Scripture Text: Proverbs 29:16-27

Proverbs 29:16-27 (NRSV)
(16)When the wicked are in authority, transgression increases,
but the righteous will look upon their downfall.
(17)Discipline your children, and they will give you rest;
they will give delight to your heart.
(18)Where there is no prophecy, the people cast off restraint,
but happy are those who keep the law.
(19)By mere words servants are not disciplined,
for though they understand, they will not give heed.
(20)Do you see someone who is hasty in speech?
There is more hope for a fool than for anyone like that.
(21)A slave pampered from childhood
will come to a bad end.
(22)One given to anger stirs up strife,
and the hothead causes much transgression.
(23)A person’s pride will bring humiliation,
but one who is lowly in spirit will obtain honor.
(24)To be a partner of a thief is to hate one’s own life;
one hears the victim’s curse, but discloses nothing.
(25)The fear of others lays a snare,
but one who trusts in the LORD is secure.
(26)Many seek the favor of a ruler,
but it is from the LORD that one gets justice.
(27)The unjust are an abomination to the righteous,
but the upright are an abomination to the wicked.

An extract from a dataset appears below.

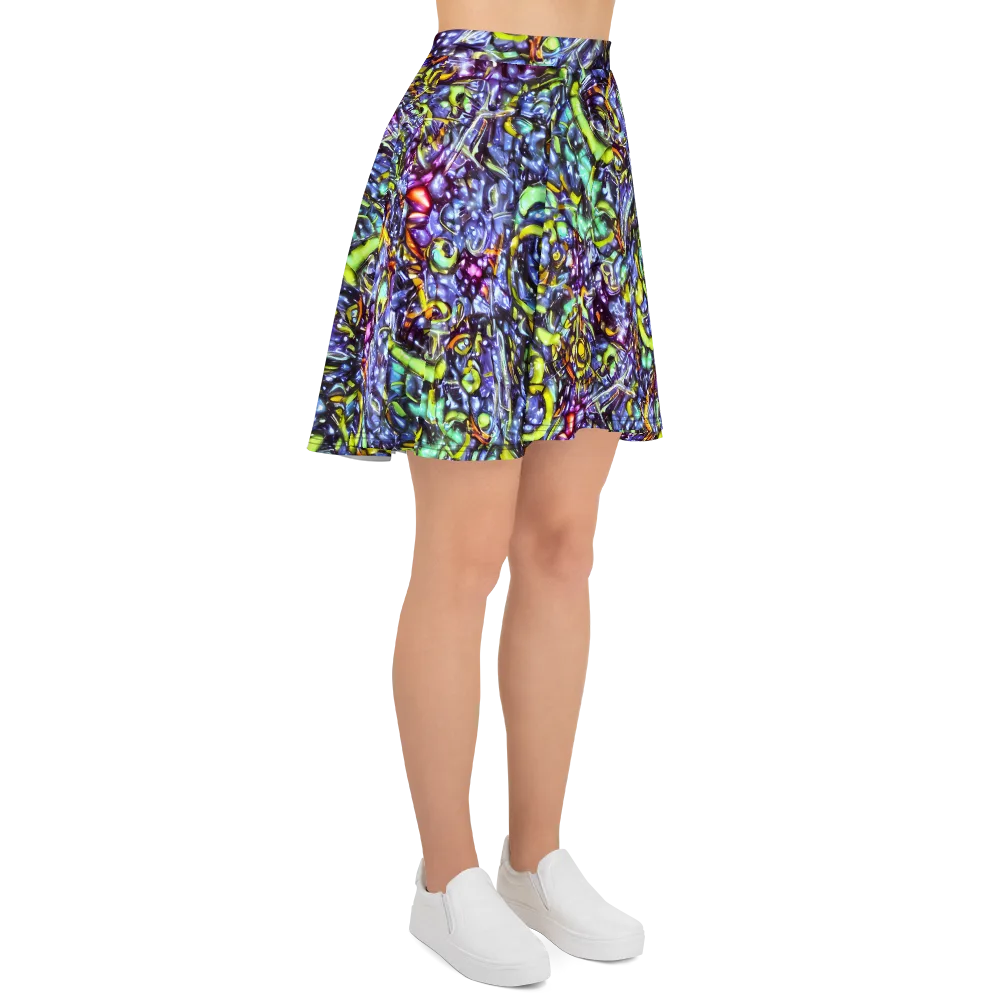 Vivid Whirlpool on Skater Skirt — Right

My Thoughts by Burgess Walter

This lesson concludes our study from the Book of Proverbs. At first glance our text seems to be a jumbled array of wise sayings. These sayings seem to jump from government to child rearing and even advice on how servants should be handled. I think the overall jest of these verses can help us in all sorts of relationships. They spell out for us the importance of acting faithfully in all of our relationships. How might our neediness or immaturity end up damaging our children, our workplace, our church, and even the larger society? How have we been shaped for good or ill, by relationships and institutions? What can we do to mitigate the damage? How do we stay strong in our faith and ethics when others exert a negative influence on us? Hopefully we can answer some of these questions after we study these verses further.

Beginning with verse 16 and depending on the translation you are reading, this verse can apply to “the wicked” or “the wealthy” and they can be in power or just thriving. The implication is that when the wicked are in power or thriving, sin and transgressions increase, and the righteous will be around to see their downfall.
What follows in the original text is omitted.